Progressive Christians are often involved in calls for criminal justice or prison reform and are active in prison ministries. Why do we call for the church to go further than that, calling entirely for the abolition of prisons and our prison culture?

  • “Prison reform” often ends up meaning “more prisons,” despite the best intent of its proponents. After all, prisons were developed as a reform of the criminal justice system that was an improvement over capital punishment. Solitary confinement was developed as a penitential reform by well-meaning Christians in 19th-century Pennsylvania. We have to look further than reform to an entirely new way of thinking about liberation and justice.
  • Incarceration right now claims to have two purposes: to punish those who have committed crimes, and to rehabilitate them to return them to society. But the two impulses are at odds: the desire to punish leads to ever-worsening conditions of incarceration and the denial of resources like physical and mental health care and education to prisoners, although those are precisely the things that would help prisoners heal and prepare for their release into society. The contradiction is built in to the way prison works, so the system cannot be reformed and must be abolished.
  • The biblical call for justice is incompatible with punitive incarceration as it is currently practiced. The most important thing for rehabilitating those in prison and preparing them to return to society is fostering their ties with their community, and especially with their families. But prisons are designed to separate prisoners from their communities and families, cutting them off from the very relationships that will help them heal and make amends and learn to live differently. God is the one who seeks out every lost member of the flock to return them to the whole (Matthew 18:12-14). God desires a system of justice that occurs within relationship and results in healed and renewed relationships with the beloved community. Prisons are not that system!

Why Christians?

Prison abolition is a movement with a long history, but has mostly grown out of secular movements for racial justice and liberation. Christians (especially rich, white Christians) have rarely been public leaders in abolitionist work.

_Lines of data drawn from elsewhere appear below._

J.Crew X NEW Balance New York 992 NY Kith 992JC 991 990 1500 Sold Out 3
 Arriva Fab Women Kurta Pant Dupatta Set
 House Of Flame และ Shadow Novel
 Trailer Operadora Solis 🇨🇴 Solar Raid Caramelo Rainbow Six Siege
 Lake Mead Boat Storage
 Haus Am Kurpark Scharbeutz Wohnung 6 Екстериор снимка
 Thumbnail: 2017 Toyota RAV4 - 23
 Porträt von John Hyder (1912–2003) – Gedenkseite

Mass incarceration is the continuation of systems of racial control going all the way back to slavery. Just as Christian abolitionists were involved in the fight against slavery, so Christian abolitionists should be involved in the fight against prisons now.

We believe that prison abolition is essential work of the church. Beyond every human-rights argument for prison abolition, we believe that Jesus’ call to set the prisoners free compels us to do the same. Jesus reached out to the marginalized and left no one outside the circle of God’s community, so Christians are called to abolish prisons, a force that separates people from community. Christ’s death and resurrection ended the need for retributive justice and made true restorative justice within loving community possible.